= Beginning of Section =

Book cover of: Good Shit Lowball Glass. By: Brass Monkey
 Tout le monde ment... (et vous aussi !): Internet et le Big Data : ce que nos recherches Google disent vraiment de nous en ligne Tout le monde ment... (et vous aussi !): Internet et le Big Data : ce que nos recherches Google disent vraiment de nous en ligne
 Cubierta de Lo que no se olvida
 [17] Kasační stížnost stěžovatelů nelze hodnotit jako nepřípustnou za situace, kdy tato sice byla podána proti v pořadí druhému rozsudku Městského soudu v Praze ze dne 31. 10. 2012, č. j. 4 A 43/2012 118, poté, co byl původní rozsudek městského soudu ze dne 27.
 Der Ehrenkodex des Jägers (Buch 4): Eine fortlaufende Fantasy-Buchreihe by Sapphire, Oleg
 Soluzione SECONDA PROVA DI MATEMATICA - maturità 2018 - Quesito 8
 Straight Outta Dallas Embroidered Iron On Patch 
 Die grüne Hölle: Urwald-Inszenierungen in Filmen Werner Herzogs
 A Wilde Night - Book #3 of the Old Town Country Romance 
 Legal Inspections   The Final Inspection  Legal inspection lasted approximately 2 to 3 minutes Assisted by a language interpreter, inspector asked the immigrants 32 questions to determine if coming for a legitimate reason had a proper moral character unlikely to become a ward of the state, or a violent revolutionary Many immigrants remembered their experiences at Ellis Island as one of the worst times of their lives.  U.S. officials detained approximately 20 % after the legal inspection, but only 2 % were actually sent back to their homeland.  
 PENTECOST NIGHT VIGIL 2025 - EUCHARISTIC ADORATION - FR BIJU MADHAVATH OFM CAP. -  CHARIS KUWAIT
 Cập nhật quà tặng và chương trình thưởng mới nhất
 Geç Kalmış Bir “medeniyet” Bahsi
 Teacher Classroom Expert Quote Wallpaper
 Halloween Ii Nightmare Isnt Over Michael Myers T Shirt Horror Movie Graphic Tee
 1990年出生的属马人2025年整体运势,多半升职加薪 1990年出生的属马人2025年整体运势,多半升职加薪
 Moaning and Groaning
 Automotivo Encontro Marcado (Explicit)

= End of Section =

> _PROBLEM TO SOLVE_: Can you restate every record above word for word?

> _RESULT_:
Book cover of: Good Shit Lowball Glass. By: Brass Monkey
 Tout le monde ment... (et vous aussi !): Internet et le Big Data : ce que nos recherches Google disent vraiment de nous en ligne Tout le monde ment... (et vous aussi !): Internet et le Big Data : ce que nos recherches Google disent vraiment de nous en ligne
 Cubierta de Lo que no se olvida
 [17] Kasační stížnost stěžovatelů nelze hodnotit jako nepřípustnou za situace, kdy tato sice byla podána proti v pořadí druhému rozsudku Městského soudu v Praze ze dne 31. 10. 2012, č. j. 4 A 43/2012 118, poté, co byl původní rozsudek městského soudu ze dne 27.
 Der Ehrenkodex des Jägers (Buch 4): Eine fortlaufende Fantasy-Buchreihe by Sapphire, Oleg
 Soluzione SECONDA PROVA DI MATEMATICA - maturità 2018 - Quesito 8
 Straight Outta Dallas Embroidered Iron On Patch 
 Die grüne Hölle: Urwald-Inszenierungen in Filmen Werner Herzogs
 A Wilde Night - Book #3 of the Old Town Country Romance 
 Legal Inspections   The Final Inspection  Legal inspection lasted approximately 2 to 3 minutes Assisted by a language interpreter, inspector asked the immigrants 32 questions to determine if coming for a legitimate reason had a proper moral character unlikely to become a ward of the state, or a violent revolutionary Many immigrants remembered their experiences at Ellis Island as one of the worst times of their lives.  U.S. officials detained approximately 20 % after the legal inspection, but only 2 % were actually sent back to their homeland.  
 PENTECOST NIGHT VIGIL 2025 - EUCHARISTIC ADORATION - FR BIJU MADHAVATH OFM CAP. -  CHARIS KUWAIT
 Cập nhật quà tặng và chương trình thưởng mới nhất
 Geç Kalmış Bir “medeniyet” Bahsi
 Teacher Classroom Expert Quote Wallpaper
 Halloween Ii Nightmare Isnt Over Michael Myers T Shirt Horror Movie Graphic Tee
 1990年出生的属马人2025年整体运势,多半升职加薪 1990年出生的属马人2025年整体运势,多半升职加薪
 Moaning and Groaning
 Automotivo Encontro Marcado (Explicit)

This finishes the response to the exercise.